[[ Input material, beginning ]]

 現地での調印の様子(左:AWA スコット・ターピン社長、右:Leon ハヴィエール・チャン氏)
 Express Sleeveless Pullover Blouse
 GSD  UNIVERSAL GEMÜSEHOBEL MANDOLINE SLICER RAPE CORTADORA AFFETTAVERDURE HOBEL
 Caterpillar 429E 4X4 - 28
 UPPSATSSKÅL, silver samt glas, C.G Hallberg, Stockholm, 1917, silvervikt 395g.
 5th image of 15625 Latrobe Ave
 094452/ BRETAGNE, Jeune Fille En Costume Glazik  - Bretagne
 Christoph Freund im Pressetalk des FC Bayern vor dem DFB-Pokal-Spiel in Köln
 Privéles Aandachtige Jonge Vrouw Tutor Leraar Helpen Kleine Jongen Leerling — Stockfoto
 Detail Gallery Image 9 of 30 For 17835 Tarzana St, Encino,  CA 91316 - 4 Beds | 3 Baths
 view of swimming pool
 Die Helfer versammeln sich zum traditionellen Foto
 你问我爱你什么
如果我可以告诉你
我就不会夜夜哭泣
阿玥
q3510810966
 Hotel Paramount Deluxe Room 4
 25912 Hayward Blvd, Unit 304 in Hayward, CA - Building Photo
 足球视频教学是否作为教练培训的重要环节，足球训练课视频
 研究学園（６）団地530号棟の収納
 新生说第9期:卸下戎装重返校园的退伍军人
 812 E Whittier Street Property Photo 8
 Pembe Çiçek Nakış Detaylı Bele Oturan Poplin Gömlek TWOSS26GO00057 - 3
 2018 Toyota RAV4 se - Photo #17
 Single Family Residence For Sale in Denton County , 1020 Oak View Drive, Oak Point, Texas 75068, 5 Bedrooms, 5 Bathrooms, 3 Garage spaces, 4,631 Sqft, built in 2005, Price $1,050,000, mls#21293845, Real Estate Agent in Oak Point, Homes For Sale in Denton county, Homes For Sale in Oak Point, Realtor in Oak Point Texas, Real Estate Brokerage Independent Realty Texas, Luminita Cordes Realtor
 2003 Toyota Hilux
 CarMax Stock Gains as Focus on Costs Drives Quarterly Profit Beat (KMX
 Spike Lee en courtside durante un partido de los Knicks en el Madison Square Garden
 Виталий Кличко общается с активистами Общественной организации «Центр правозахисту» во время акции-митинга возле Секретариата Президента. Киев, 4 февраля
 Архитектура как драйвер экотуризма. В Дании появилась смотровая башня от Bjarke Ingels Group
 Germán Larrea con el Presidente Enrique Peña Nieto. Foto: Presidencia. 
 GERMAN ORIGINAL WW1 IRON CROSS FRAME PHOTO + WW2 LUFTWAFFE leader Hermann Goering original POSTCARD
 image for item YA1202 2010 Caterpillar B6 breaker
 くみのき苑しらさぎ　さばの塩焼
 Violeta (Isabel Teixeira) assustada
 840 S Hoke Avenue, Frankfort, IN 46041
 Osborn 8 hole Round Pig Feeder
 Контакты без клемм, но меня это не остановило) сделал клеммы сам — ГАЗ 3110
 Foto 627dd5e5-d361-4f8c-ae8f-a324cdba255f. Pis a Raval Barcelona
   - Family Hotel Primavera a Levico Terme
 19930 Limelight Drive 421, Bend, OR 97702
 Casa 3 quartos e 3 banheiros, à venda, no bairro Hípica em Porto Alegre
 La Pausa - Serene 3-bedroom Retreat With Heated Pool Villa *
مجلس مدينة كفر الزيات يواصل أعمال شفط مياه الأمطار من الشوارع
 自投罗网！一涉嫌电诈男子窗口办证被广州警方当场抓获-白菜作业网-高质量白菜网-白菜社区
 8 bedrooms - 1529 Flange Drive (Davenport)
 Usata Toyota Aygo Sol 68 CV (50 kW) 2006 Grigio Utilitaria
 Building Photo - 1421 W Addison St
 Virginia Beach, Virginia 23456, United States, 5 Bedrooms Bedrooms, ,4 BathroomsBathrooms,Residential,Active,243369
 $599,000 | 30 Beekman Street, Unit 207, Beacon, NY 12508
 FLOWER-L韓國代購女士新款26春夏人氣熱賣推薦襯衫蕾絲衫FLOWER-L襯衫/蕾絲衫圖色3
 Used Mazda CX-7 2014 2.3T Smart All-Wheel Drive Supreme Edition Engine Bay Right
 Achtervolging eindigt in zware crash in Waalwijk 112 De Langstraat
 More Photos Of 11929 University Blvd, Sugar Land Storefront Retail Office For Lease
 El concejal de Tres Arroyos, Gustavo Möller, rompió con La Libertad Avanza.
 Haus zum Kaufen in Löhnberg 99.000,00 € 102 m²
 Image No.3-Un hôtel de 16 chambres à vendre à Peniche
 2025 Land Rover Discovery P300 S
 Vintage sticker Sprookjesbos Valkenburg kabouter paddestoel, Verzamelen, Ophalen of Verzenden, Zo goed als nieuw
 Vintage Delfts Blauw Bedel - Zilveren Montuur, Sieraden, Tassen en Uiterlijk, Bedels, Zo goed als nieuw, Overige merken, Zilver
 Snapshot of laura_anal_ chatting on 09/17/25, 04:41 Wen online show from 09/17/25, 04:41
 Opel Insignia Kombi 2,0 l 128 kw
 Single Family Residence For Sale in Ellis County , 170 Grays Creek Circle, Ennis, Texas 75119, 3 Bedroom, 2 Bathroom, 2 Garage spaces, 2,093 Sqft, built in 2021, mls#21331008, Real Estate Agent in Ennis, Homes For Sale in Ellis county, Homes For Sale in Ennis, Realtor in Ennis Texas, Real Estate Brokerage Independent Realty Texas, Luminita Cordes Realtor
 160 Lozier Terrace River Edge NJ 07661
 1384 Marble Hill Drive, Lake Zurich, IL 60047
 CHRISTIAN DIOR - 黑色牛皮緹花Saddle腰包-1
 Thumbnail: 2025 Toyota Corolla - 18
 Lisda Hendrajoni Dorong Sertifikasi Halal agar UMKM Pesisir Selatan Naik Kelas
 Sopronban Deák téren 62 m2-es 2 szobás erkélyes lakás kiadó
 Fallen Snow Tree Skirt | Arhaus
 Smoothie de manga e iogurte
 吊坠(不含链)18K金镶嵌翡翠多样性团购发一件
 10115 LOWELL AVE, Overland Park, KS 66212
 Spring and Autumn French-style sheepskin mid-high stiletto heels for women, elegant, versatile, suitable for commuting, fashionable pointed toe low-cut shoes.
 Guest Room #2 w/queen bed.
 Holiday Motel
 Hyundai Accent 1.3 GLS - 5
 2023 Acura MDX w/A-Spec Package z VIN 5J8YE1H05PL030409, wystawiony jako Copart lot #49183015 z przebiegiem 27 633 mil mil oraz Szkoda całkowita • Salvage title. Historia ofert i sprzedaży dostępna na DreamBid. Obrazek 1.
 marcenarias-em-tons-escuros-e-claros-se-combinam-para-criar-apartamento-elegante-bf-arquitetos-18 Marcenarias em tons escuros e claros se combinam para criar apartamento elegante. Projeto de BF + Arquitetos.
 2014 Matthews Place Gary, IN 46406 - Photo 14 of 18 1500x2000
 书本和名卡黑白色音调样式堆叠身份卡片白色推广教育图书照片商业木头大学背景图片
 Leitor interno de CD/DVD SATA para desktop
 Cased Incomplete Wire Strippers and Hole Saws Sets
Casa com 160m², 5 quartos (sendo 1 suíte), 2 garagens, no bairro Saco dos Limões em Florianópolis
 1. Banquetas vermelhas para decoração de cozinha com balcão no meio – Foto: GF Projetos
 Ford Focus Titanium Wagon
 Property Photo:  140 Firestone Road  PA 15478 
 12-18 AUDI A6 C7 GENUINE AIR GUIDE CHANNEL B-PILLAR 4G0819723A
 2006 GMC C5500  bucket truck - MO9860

[[ Input material, end ]]

Please return all lines above in which the string "Homes" is found.

Response area:
 Single Family Residence For Sale in Denton County , 1020 Oak View Drive, Oak Point, Texas 75068, 5 Bedrooms, 5 Bathrooms, 3 Garage spaces, 4,631 Sqft, built in 2005, Price $1,050,000, mls#21293845, Real Estate Agent in Oak Point, Homes For Sale in Denton county, Homes For Sale in Oak Point, Realtor in Oak Point Texas, Real Estate Brokerage Independent Realty Texas, Luminita Cordes Realtor
 Single Family Residence For Sale in Ellis County , 170 Grays Creek Circle, Ennis, Texas 75119, 3 Bedroom, 2 Bathroom, 2 Garage spaces, 2,093 Sqft, built in 2021, mls#21331008, Real Estate Agent in Ennis, Homes For Sale in Ellis county, Homes For Sale in Ennis, Realtor in Ennis Texas, Real Estate Brokerage Independent Realty Texas, Luminita Cordes Realtor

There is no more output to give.